While I have no idea if this is statistically true, these words have echoed loudly in my mind this past week. My 15-year-old son now has his learner's permit.
Getting the permit was deceptively easy. He passed a written test at his driver's ed class and the next day he and I headed to the DMV. While there he filled out some paperwork, decided to become an organ donor, got his picture taken, and took a quick eye test. I then signed a document accepting responsibility for his driving actions (yikes) and the woman behind counter three handed us a temporary copy of the permit (the laminated real deal comes in the mail). It took all of 20 minutes.
Legally, he could have driven me home. Except I don't think he even knows how the headlights work.

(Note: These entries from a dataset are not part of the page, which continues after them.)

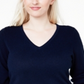 Suéter de cashmere feminino Charter Club Plus com decote em V, azul, tamanho 3X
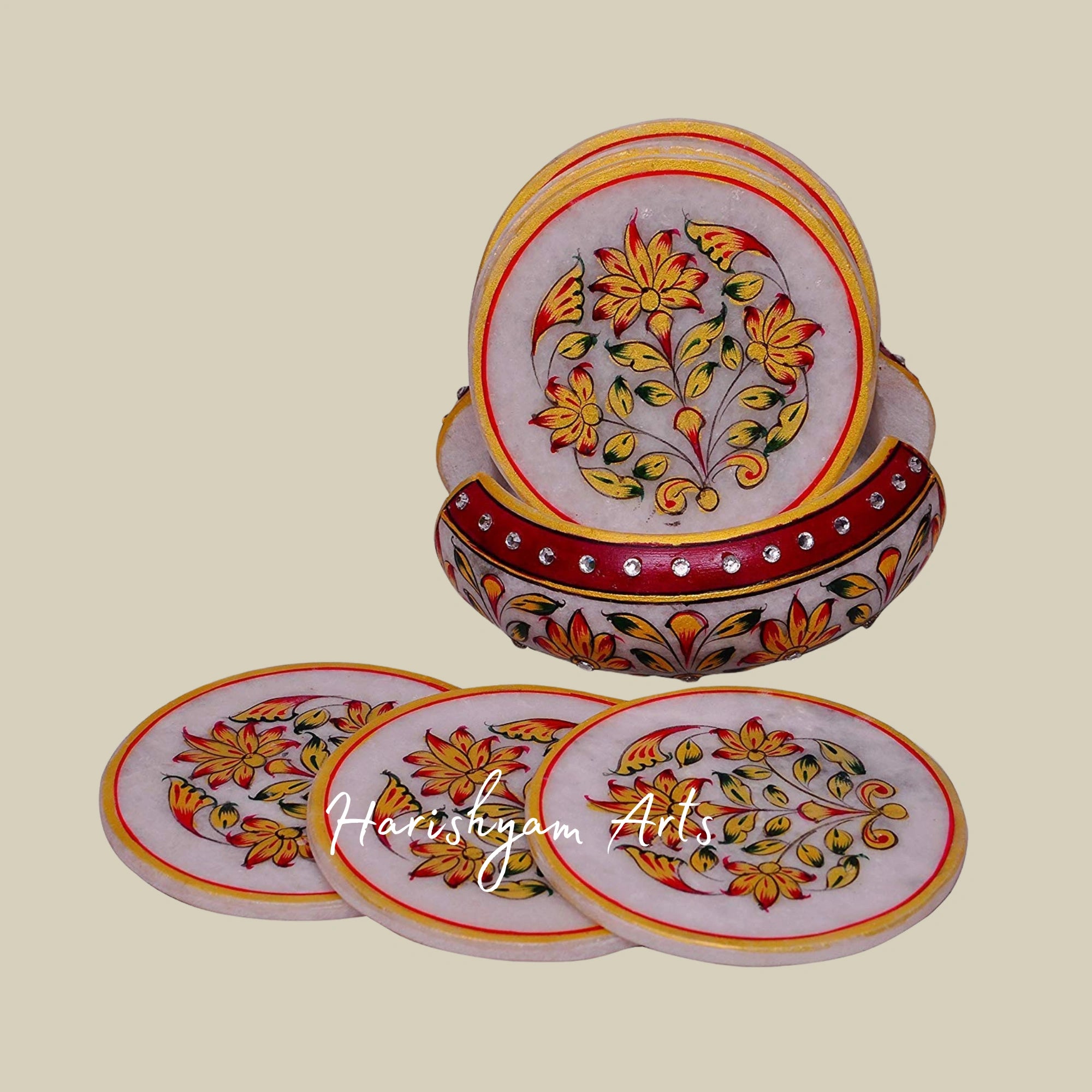 Set of 6 Makrana White Marble Tea Coasters with Elegant Floral Painting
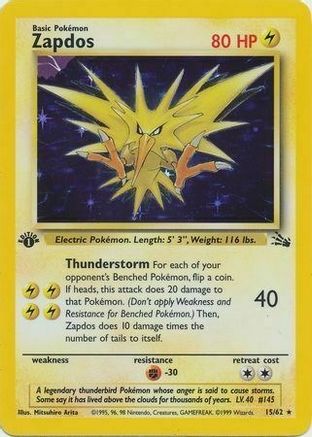 Zapdos (15/62) (Cosmos Holo) [Fossil 1st Edition] | Pegasus Games WI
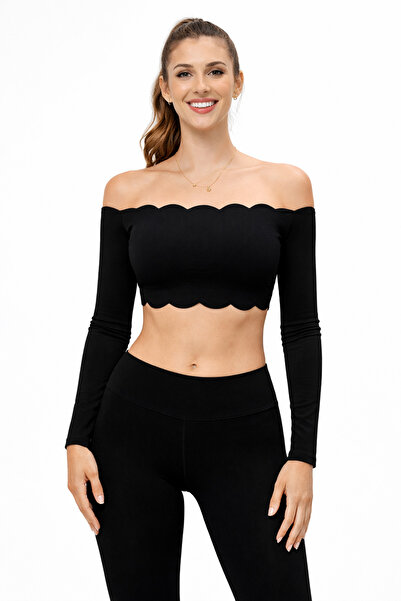 Nuve Wear Kadın Siyah Lazer Kesim Uzun Kollu Madonna Yaka Crop Büstiyer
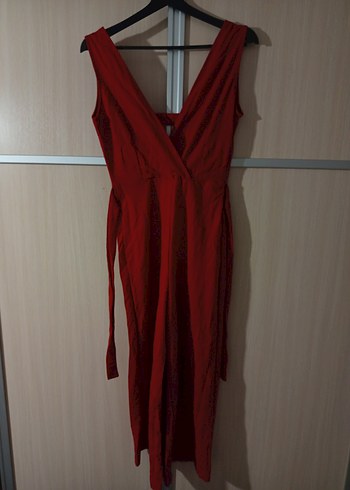 Kırmızı V Yakalı Uzun Kadın Tulum - Görsel 2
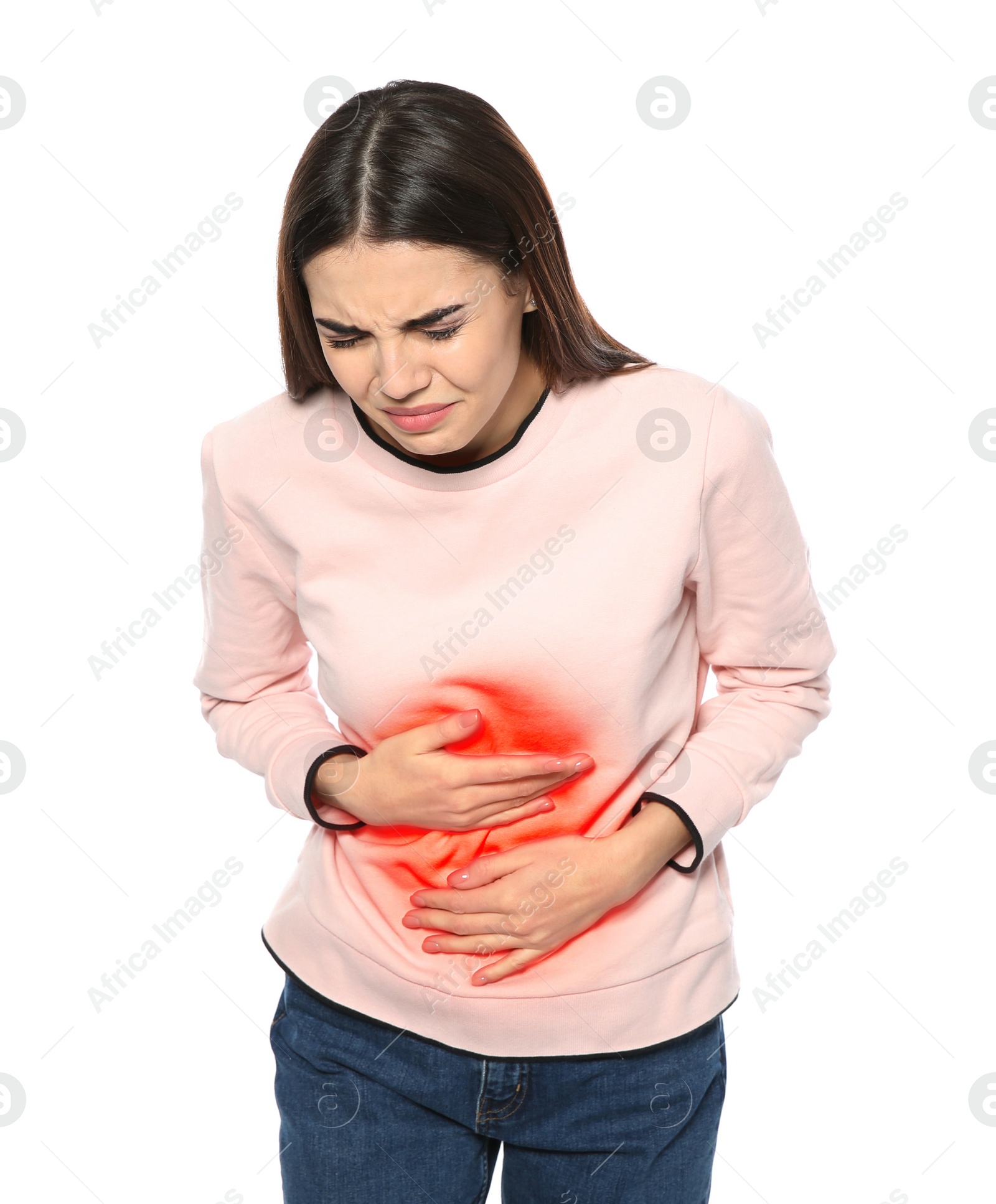 Image of Young woman suffering from abdominal pain isolated on white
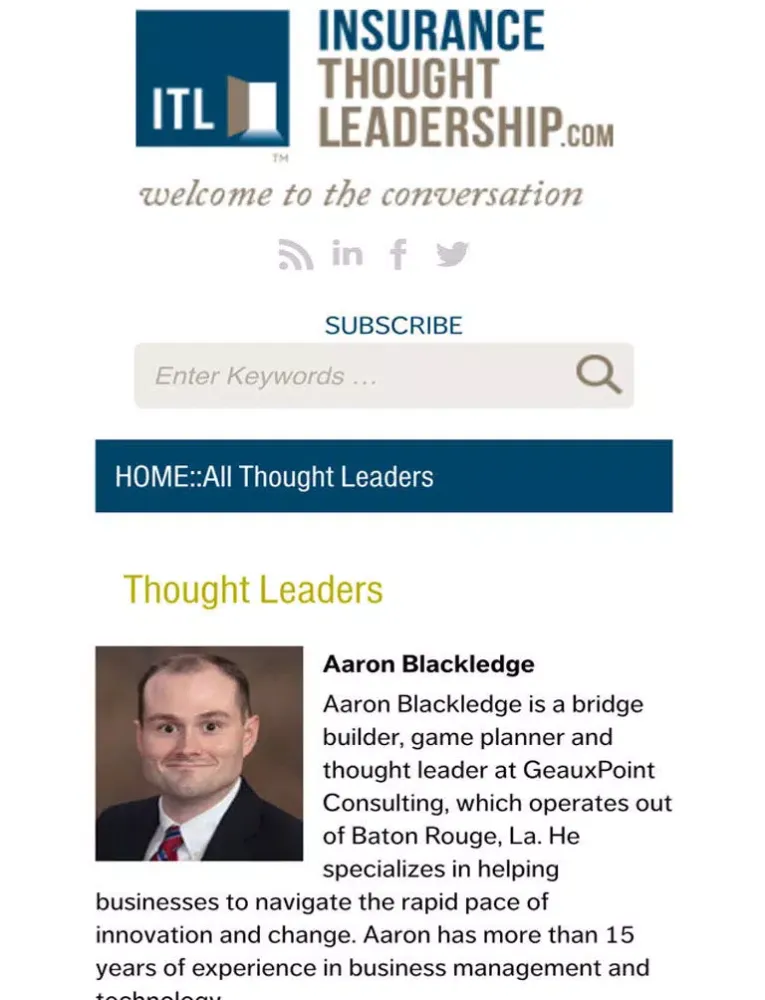 Insurance Thought Leadership - Strategy, Publishing, Promotion and Reporting iPad  스크린샷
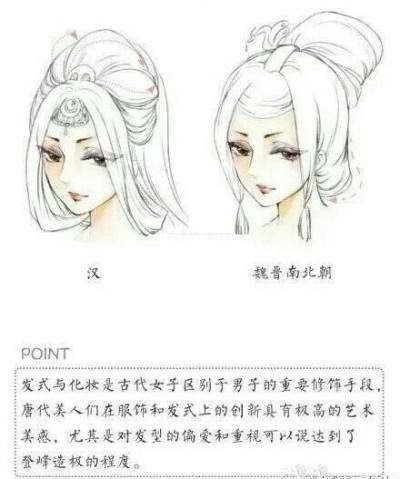 动漫 漫画 素材古代发饰发髻样式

I guess you could say the hard part starts now. Sure, he'll take a couple of lessons behind the wheel as part of his driver's ed class. But ultimately, it's my husband and I who will teach him to drive.
And for me, that's like asking me to teach someone how to swim or ride a bike. Both are things I know how to do. But I'm hardly a master of either one of them, and you certainly wouldn't want me as your instructor. As a driver, you would call me competent, at best. I can probably get you from point A to point B safely, but it might not be too pretty -- the multiple dings and scratches on the side of my car pay testament to this fact.
Fortunately though, my husband should be pretty good at this. First, he really enjoys driving -- the more challenging the situation, the better. When we lived in Mexico City some years back, I never once got behind the wheel of our Nissan Tsuru. There didn't seem to be any rules of the road South of the Border, as far I could tell. No one used turn signals, or respected speed limits or road signs. They only used horns. And used them all the time.
But my husband relished the automobile anarchy. He took great pride in becoming a simultaneously excellent offensive and defensive driver. To him, driving has always been a bit of a sport. And one he really enjoys playing.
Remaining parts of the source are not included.